Given information:
---*---
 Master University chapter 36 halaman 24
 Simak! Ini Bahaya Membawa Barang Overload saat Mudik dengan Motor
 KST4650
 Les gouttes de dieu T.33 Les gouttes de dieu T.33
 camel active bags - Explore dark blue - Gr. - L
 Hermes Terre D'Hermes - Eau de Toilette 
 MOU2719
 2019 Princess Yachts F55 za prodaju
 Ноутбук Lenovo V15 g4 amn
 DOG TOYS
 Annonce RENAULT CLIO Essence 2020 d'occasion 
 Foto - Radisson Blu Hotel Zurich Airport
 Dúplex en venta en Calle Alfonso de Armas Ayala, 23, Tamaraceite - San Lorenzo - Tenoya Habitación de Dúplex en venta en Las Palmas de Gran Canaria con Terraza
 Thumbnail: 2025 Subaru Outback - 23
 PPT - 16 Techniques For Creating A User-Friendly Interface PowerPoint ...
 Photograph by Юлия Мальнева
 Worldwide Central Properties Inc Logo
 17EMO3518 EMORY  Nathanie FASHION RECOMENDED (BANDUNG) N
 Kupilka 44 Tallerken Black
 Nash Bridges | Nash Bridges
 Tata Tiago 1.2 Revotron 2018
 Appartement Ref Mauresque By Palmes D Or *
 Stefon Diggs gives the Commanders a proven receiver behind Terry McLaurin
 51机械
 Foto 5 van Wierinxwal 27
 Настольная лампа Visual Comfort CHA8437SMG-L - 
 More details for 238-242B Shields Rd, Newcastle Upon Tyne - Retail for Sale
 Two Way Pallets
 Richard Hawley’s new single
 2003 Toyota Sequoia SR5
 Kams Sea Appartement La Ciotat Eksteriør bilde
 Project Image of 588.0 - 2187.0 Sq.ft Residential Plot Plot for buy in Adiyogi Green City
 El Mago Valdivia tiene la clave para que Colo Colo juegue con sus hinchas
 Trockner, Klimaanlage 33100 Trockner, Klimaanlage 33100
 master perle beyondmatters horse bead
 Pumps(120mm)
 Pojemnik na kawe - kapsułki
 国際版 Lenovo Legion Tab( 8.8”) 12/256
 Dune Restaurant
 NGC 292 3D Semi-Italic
---*---
Directions for this task: Return every line holding the word "Lenovo" from the records.

Answer space:
 Ноутбук Lenovo V15 g4 amn
 国際版 Lenovo Legion Tab( 8.8”) 12/256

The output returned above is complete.